● Brief
From the listing below, copy only the lines running from the line that contains "Asics Gel-Venture 6" to the line that contains "Держатель для бумажных", both included.

● Data for this exercise
· · ·

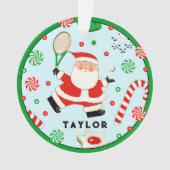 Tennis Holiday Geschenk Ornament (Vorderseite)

· · ·

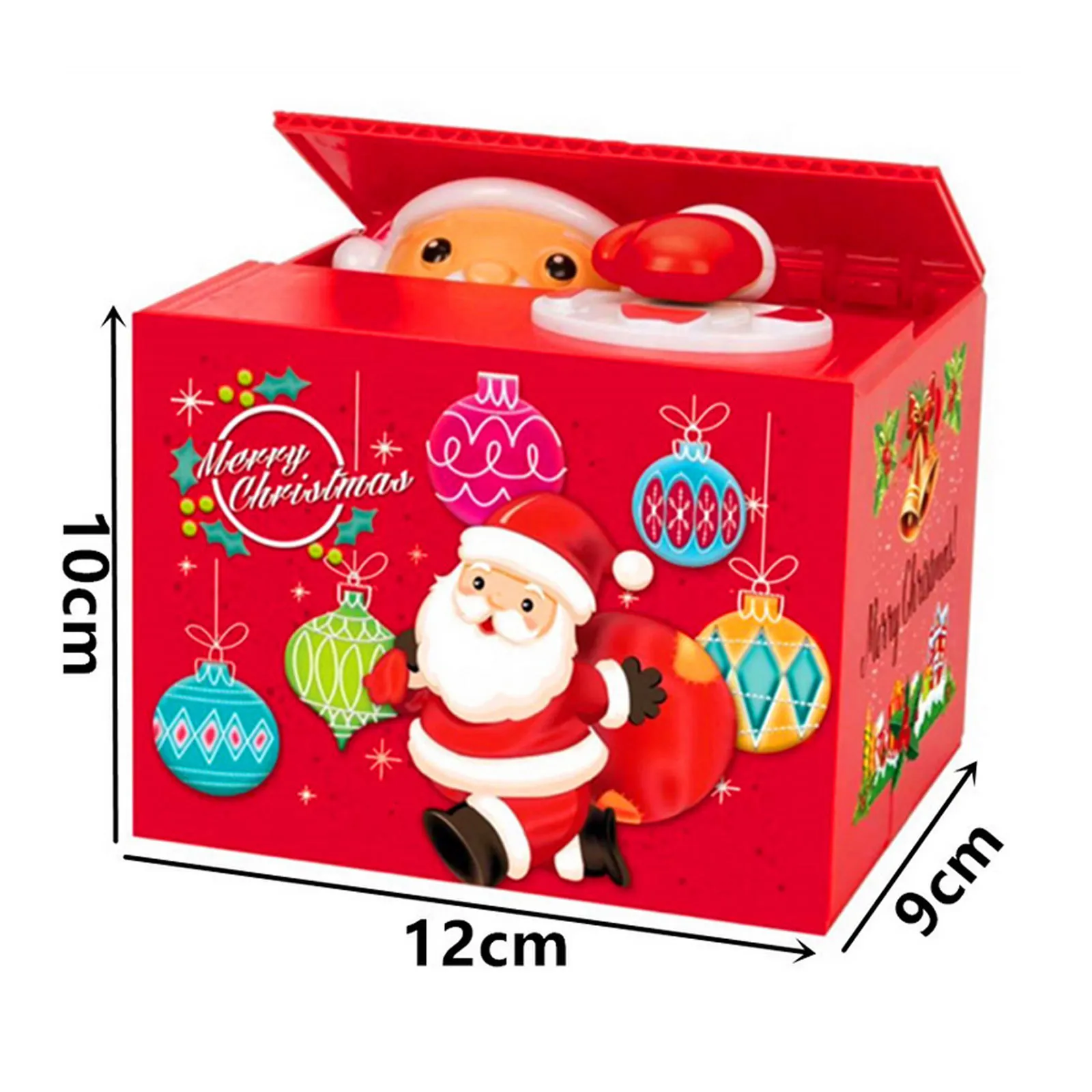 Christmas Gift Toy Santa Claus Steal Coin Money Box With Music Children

· · ·

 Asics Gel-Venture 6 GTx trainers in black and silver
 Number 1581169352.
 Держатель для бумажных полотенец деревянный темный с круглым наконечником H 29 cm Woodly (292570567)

· · ·

● Answer area
 Asics Gel-Venture 6 GTx trainers in black and silver
 Number 1581169352.
 Держатель для бумажных полотенец деревянный темный с круглым наконечником H 29 cm Woodly (292570567)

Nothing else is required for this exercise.